- [What to produce]
Reproduce the data below word for word.

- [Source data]
BEGIN

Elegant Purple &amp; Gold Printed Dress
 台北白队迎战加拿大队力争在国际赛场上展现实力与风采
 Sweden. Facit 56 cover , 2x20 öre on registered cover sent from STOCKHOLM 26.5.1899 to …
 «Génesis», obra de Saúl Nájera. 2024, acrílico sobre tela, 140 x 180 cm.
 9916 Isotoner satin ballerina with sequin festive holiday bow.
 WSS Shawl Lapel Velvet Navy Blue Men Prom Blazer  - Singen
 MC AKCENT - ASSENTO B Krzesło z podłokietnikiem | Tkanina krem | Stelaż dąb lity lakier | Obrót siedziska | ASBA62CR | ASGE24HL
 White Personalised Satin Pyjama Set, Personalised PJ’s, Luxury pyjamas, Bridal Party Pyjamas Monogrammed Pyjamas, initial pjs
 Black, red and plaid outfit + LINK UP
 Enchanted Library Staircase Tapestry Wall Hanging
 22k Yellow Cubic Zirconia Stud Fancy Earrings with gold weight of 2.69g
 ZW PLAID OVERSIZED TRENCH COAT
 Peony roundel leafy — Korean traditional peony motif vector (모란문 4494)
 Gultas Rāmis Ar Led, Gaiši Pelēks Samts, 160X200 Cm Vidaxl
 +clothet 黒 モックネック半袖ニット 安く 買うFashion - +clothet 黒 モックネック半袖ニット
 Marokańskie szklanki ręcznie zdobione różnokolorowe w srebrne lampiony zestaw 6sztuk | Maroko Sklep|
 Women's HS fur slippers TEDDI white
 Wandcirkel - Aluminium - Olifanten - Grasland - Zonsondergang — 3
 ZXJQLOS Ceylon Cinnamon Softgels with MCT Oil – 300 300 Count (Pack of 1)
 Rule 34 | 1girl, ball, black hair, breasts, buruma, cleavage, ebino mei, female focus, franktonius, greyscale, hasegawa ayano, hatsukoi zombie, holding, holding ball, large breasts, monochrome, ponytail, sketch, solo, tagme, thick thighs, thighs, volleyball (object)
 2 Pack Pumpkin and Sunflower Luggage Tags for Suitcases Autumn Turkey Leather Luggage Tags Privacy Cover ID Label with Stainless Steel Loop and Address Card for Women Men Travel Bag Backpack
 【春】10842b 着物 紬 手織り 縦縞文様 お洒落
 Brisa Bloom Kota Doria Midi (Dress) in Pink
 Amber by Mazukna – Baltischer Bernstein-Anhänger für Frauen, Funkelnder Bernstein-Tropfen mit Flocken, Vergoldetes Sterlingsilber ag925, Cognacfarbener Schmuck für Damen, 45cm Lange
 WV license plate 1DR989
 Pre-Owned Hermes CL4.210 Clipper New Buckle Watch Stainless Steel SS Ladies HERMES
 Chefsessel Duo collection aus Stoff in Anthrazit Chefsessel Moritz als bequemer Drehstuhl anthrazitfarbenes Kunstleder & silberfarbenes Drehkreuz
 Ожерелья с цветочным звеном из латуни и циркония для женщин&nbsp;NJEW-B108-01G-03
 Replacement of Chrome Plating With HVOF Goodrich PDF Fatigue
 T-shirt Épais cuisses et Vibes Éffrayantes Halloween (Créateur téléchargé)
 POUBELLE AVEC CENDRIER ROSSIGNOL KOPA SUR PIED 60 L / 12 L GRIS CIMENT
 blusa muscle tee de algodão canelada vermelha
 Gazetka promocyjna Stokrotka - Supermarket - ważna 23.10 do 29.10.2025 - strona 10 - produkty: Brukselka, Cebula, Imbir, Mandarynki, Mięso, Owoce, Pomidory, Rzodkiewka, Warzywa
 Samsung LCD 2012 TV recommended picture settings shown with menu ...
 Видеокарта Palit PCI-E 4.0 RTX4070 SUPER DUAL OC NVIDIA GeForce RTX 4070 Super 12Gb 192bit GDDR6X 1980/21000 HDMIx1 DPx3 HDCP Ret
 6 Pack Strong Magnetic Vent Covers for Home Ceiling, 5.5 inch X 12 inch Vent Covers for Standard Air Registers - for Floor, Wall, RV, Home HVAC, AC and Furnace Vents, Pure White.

END

- [Written response]
Elegant Purple &amp; Gold Printed Dress
 台北白队迎战加拿大队力争在国际赛场上展现实力与风采
 Sweden. Facit 56 cover , 2x20 öre on registered cover sent from STOCKHOLM 26.5.1899 to …
 «Génesis», obra de Saúl Nájera. 2024, acrílico sobre tela, 140 x 180 cm.
 9916 Isotoner satin ballerina with sequin festive holiday bow.
 WSS Shawl Lapel Velvet Navy Blue Men Prom Blazer  - Singen
 MC AKCENT - ASSENTO B Krzesło z podłokietnikiem | Tkanina krem | Stelaż dąb lity lakier | Obrót siedziska | ASBA62CR | ASGE24HL
 White Personalised Satin Pyjama Set, Personalised PJ’s, Luxury pyjamas, Bridal Party Pyjamas Monogrammed Pyjamas, initial pjs
 Black, red and plaid outfit + LINK UP
 Enchanted Library Staircase Tapestry Wall Hanging
 22k Yellow Cubic Zirconia Stud Fancy Earrings with gold weight of 2.69g
 ZW PLAID OVERSIZED TRENCH COAT
 Peony roundel leafy — Korean traditional peony motif vector (모란문 4494)
 Gultas Rāmis Ar Led, Gaiši Pelēks Samts, 160X200 Cm Vidaxl
 +clothet 黒 モックネック半袖ニット 安く 買うFashion - +clothet 黒 モックネック半袖ニット
 Marokańskie szklanki ręcznie zdobione różnokolorowe w srebrne lampiony zestaw 6sztuk | Maroko Sklep|
 Women's HS fur slippers TEDDI white
 Wandcirkel - Aluminium - Olifanten - Grasland - Zonsondergang — 3
 ZXJQLOS Ceylon Cinnamon Softgels with MCT Oil – 300 300 Count (Pack of 1)
 Rule 34 | 1girl, ball, black hair, breasts, buruma, cleavage, ebino mei, female focus, franktonius, greyscale, hasegawa ayano, hatsukoi zombie, holding, holding ball, large breasts, monochrome, ponytail, sketch, solo, tagme, thick thighs, thighs, volleyball (object)
 2 Pack Pumpkin and Sunflower Luggage Tags for Suitcases Autumn Turkey Leather Luggage Tags Privacy Cover ID Label with Stainless Steel Loop and Address Card for Women Men Travel Bag Backpack
 【春】10842b 着物 紬 手織り 縦縞文様 お洒落
 Brisa Bloom Kota Doria Midi (Dress) in Pink
 Amber by Mazukna – Baltischer Bernstein-Anhänger für Frauen, Funkelnder Bernstein-Tropfen mit Flocken, Vergoldetes Sterlingsilber ag925, Cognacfarbener Schmuck für Damen, 45cm Lange
 WV license plate 1DR989
 Pre-Owned Hermes CL4.210 Clipper New Buckle Watch Stainless Steel SS Ladies HERMES
 Chefsessel Duo collection aus Stoff in Anthrazit Chefsessel Moritz als bequemer Drehstuhl anthrazitfarbenes Kunstleder & silberfarbenes Drehkreuz
 Ожерелья с цветочным звеном из латуни и циркония для женщин&nbsp;NJEW-B108-01G-03
 Replacement of Chrome Plating With HVOF Goodrich PDF Fatigue
 T-shirt Épais cuisses et Vibes Éffrayantes Halloween (Créateur téléchargé)
 POUBELLE AVEC CENDRIER ROSSIGNOL KOPA SUR PIED 60 L / 12 L GRIS CIMENT
 blusa muscle tee de algodão canelada vermelha
 Gazetka promocyjna Stokrotka - Supermarket - ważna 23.10 do 29.10.2025 - strona 10 - produkty: Brukselka, Cebula, Imbir, Mandarynki, Mięso, Owoce, Pomidory, Rzodkiewka, Warzywa
 Samsung LCD 2012 TV recommended picture settings shown with menu ...
 Видеокарта Palit PCI-E 4.0 RTX4070 SUPER DUAL OC NVIDIA GeForce RTX 4070 Super 12Gb 192bit GDDR6X 1980/21000 HDMIx1 DPx3 HDCP Ret
 6 Pack Strong Magnetic Vent Covers for Home Ceiling, 5.5 inch X 12 inch Vent Covers for Standard Air Registers - for Floor, Wall, RV, Home HVAC, AC and Furnace Vents, Pure White.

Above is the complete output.